Token-Based Limiting for LLMs

For LLM APIs, limit by tokens consumed rather than request count:

Python
async def check_llm_token_limit(
    user_id: str,
    estimated_tokens: int,
    limiter: PerKeyRateLimiter,
) -> bool:
    """Rate limit by token consumption, not request count."""
    # Each token costs 1 unit from the bucket
    return limiter.is_allowed(user_id, cost=estimated_tokens)

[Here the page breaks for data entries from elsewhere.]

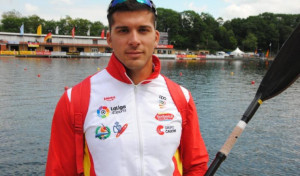 Ortega Smith presenta al piragüista gallego Cristian Toro como 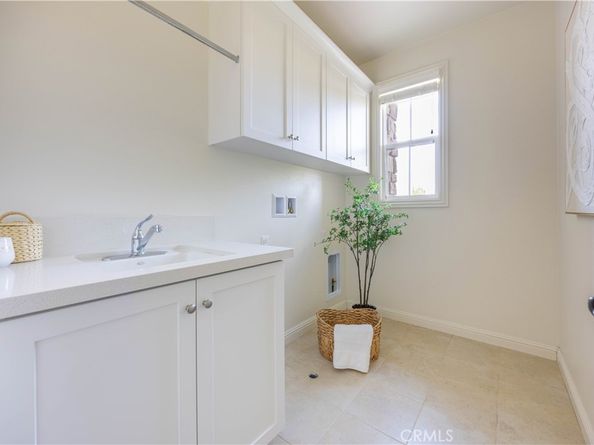 17 Heliotrope, Lake Forest CA 92630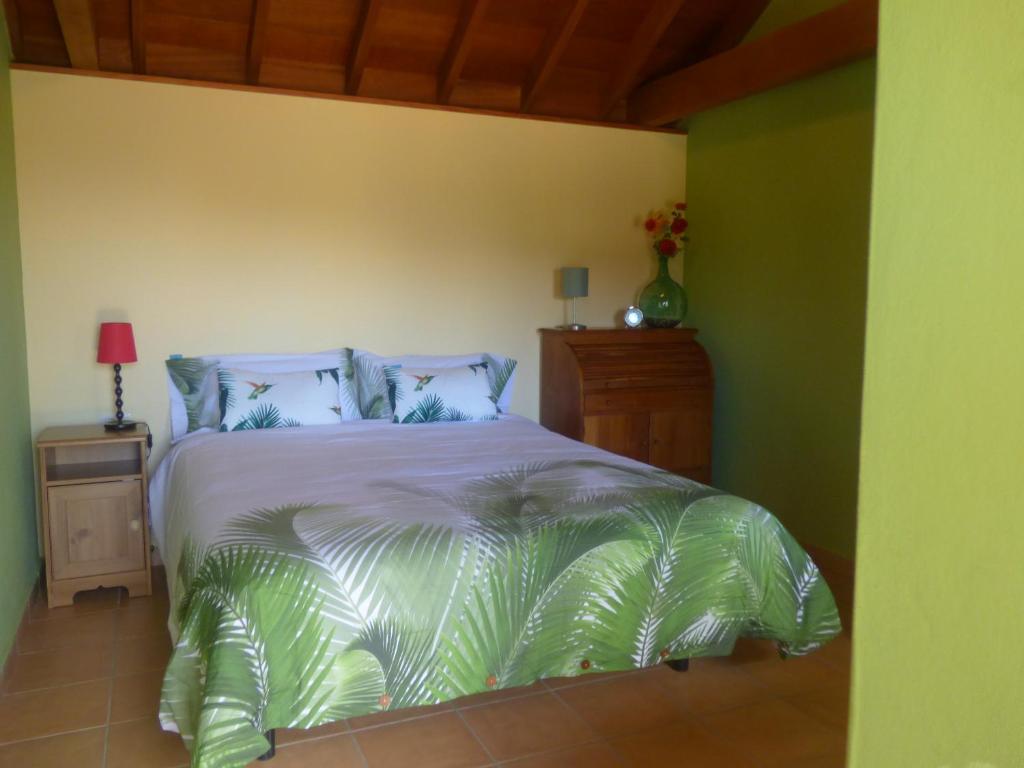 Postel nebo postele na pokoji v ubytování El Pirguan Holiday House, your oasis in La Gomera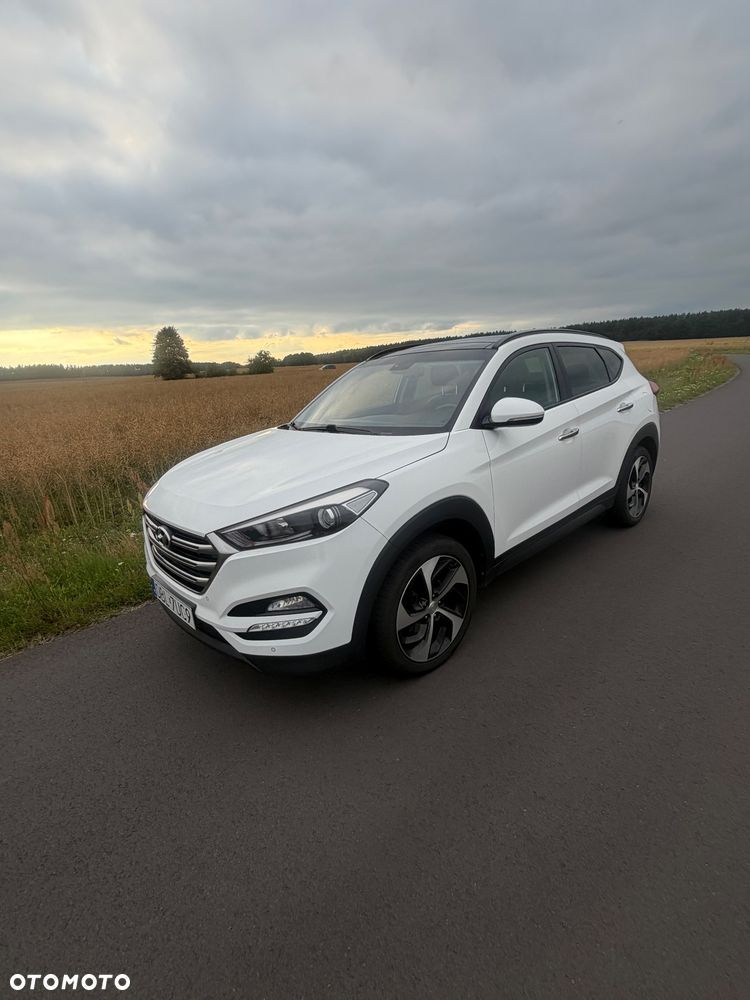 Hyundai Tucson 1.7 CRDI BlueDrive Style 2WD - 1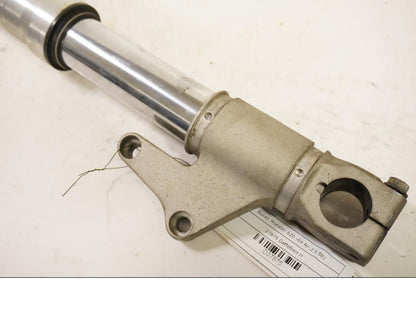 Vänster sida på Gaffelben från en Ducati Monster 620 -2004 motorcykel.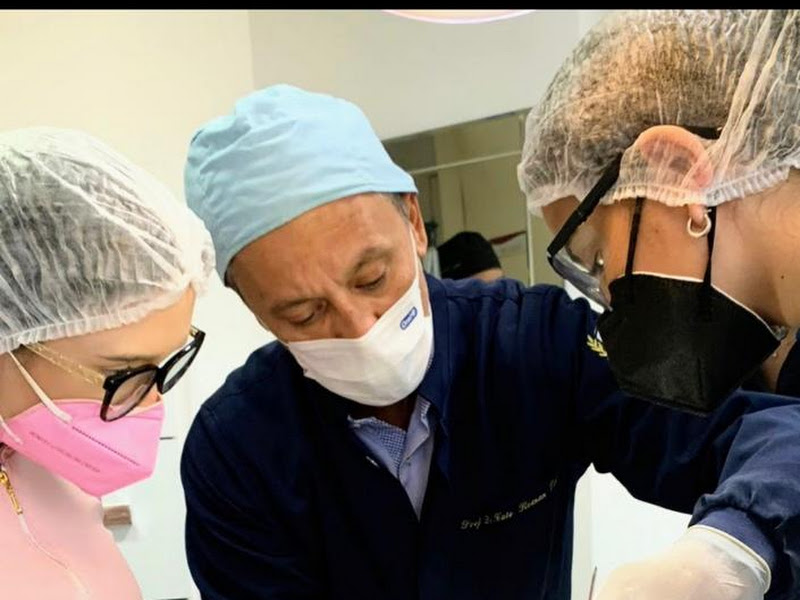 Foto 5 de Dr. Ciro Capitani - Dentista em Santos | Endodontista | Periodontista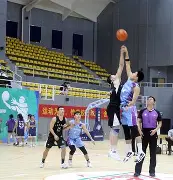 台湾篮球联赛半决赛激烈对抗，球员秀出绝技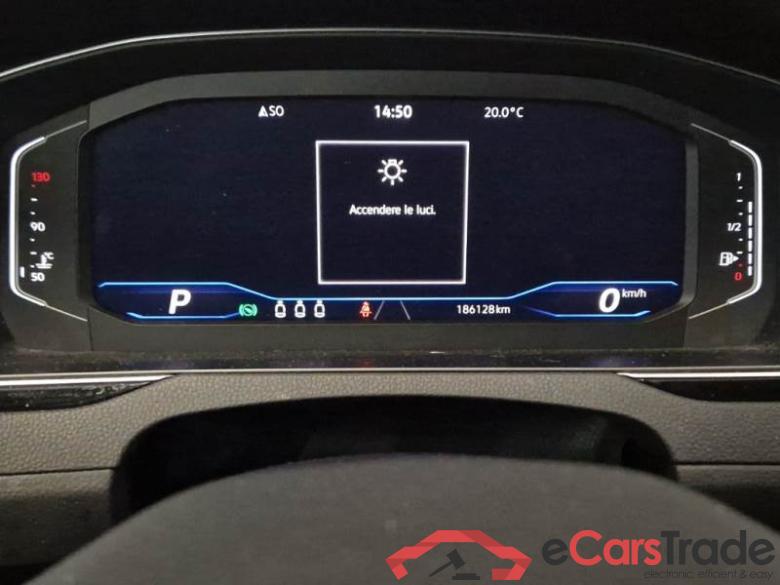 Volkswagen 1 VOLKSWAGEN PASSAT / 2019 / 5P / STATION WAGON VAR.2.0TDI SCR 140KW EXEC.BMT DSG #4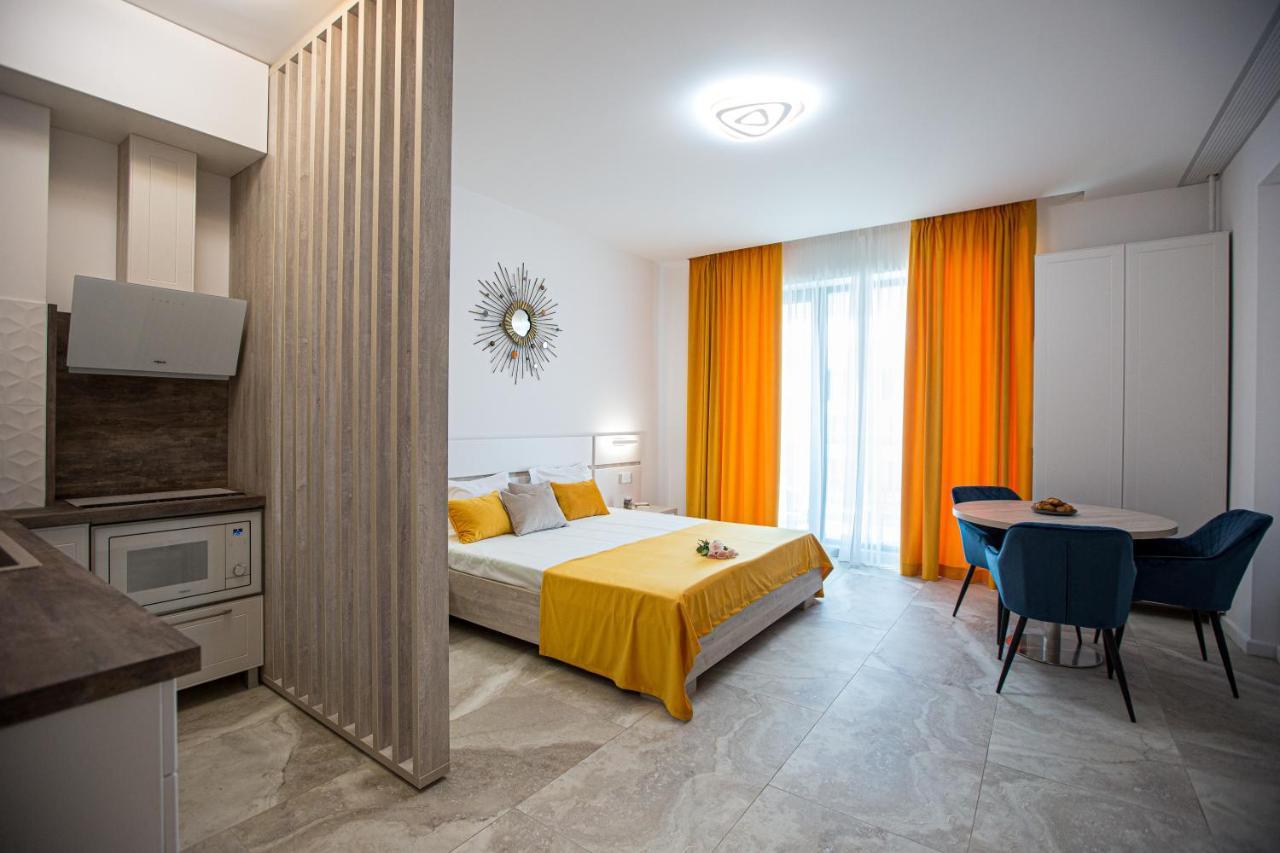 Sea On Aparthotel Mamaia Bagian luar foto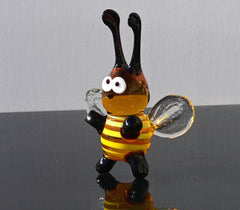 Art glass hand-blown bumble bee figurine with a lot of character and personality. Excellent addition to your glass menagerie collection.
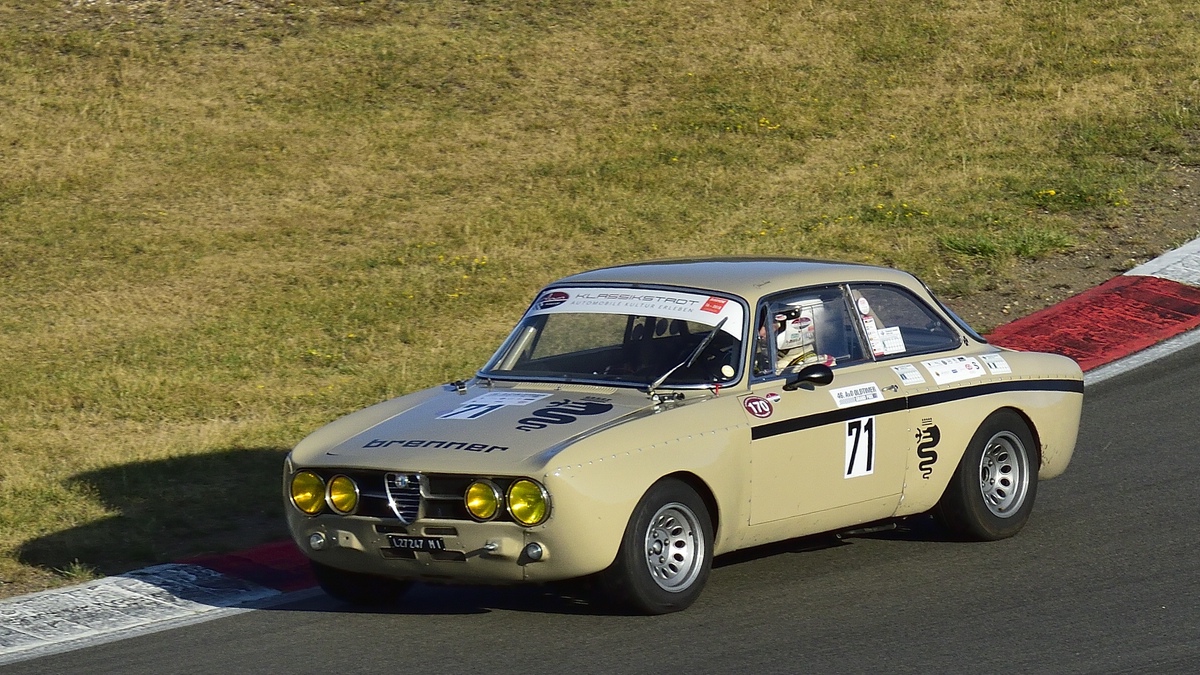 Alfa Romeo 1750 GTAm, ccm 1961, Bj.1971, im Rennen 7 - AvD-Tourenwagen- und GT Trophäe, 46. AvD-Oldtimer-Grand-Prix am 11.Aug.2018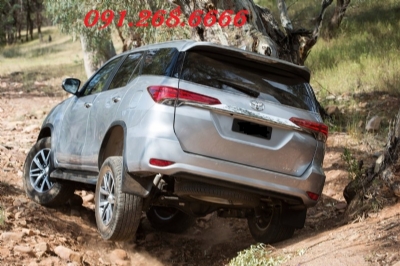 công ty  cho Thuê xe toyota fortuner có lái, tự lái tại quận bắc từ liêm, cho thuê xe 7 chỗ theo tháng tại hà nội
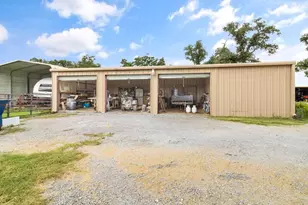 922 S Fm 80, Donie, TX 75838 - Photo 24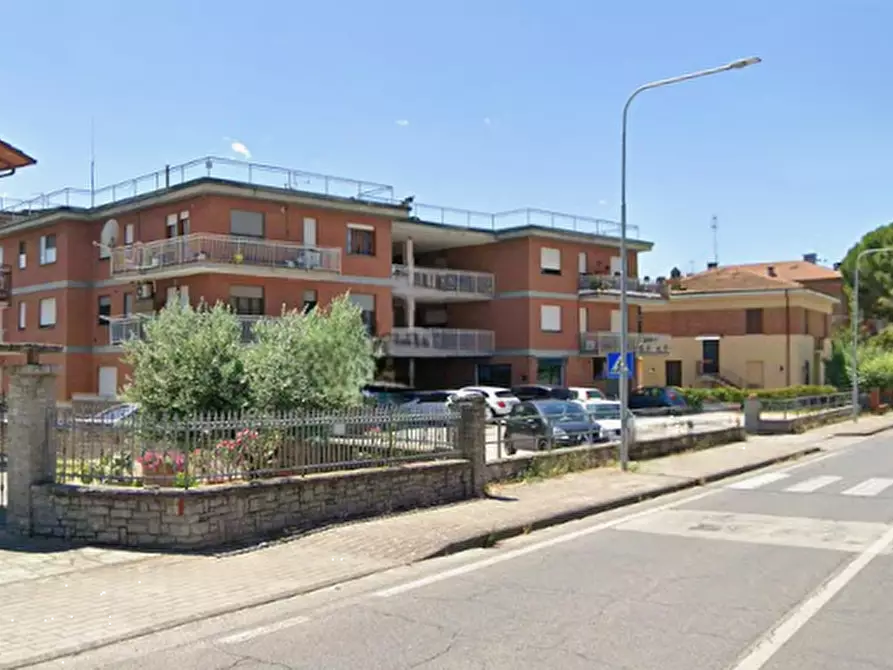 Immagine 6 di Negozio in vendita  in Via della Resistenza a Panicale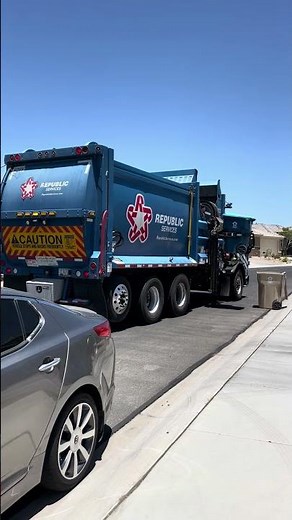 Republic Services 2413 on Recycle 6/17/25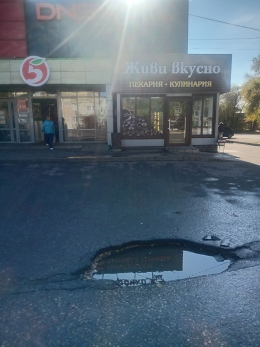 На дороге в Сызрани завелась яма-убийца колес. Есть первые жертвы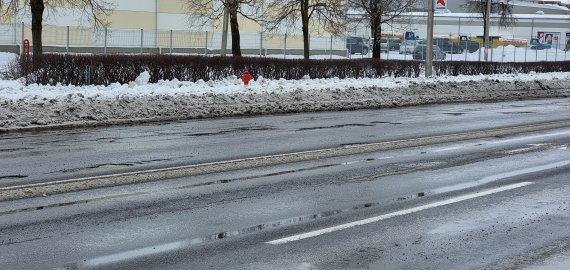 Keliuose yra slidžių ruožų, dieną eismo sąlygas sunkins plikledis, lijundra – kelininkai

# Config: 50,000 tokens per hour per user
tokens_per_hour_limiter = PerKeyRateLimiter(
    capacity=50_000,
    rate=50_000 / 3600,  # tokens per second
)

# A 500-token query
allowed = tokens_per_hour_limiter.is_allowed("user_abc", cost=500)
print(f"Query allowed: {allowed}")

Interview Follow-Ups

Q: What's the difference between token bucket and leaky bucket?

Token bucket allows bursting — if the bucket is full, a burst of requests all succeed immediately. Leaky bucket smooths out traffic — requests are queued and processed at a fixed rate, preventing any burst. Token bucket is better for APIs where occasional bursts are acceptable. Leaky bucket is better when you need consistent throughput (e.g., message processing).

Q: How would you implement this across multiple API servers?

In-memory rate limiters only work for a single process. For multi-instance deployments, store bucket state in Redis. Use a Lua script for atomic check-and-consume to prevent race conditions between instances.

Q: What is a sliding window rate limiter?

Token bucket uses continuous time. Sliding window tracks exact request timestamps within a rolling window (e.g., last 60 seconds). More accurate but uses more memory (stores N timestamps per user). Fixed window resets at specific intervals — simpler but allows a burst at window boundaries.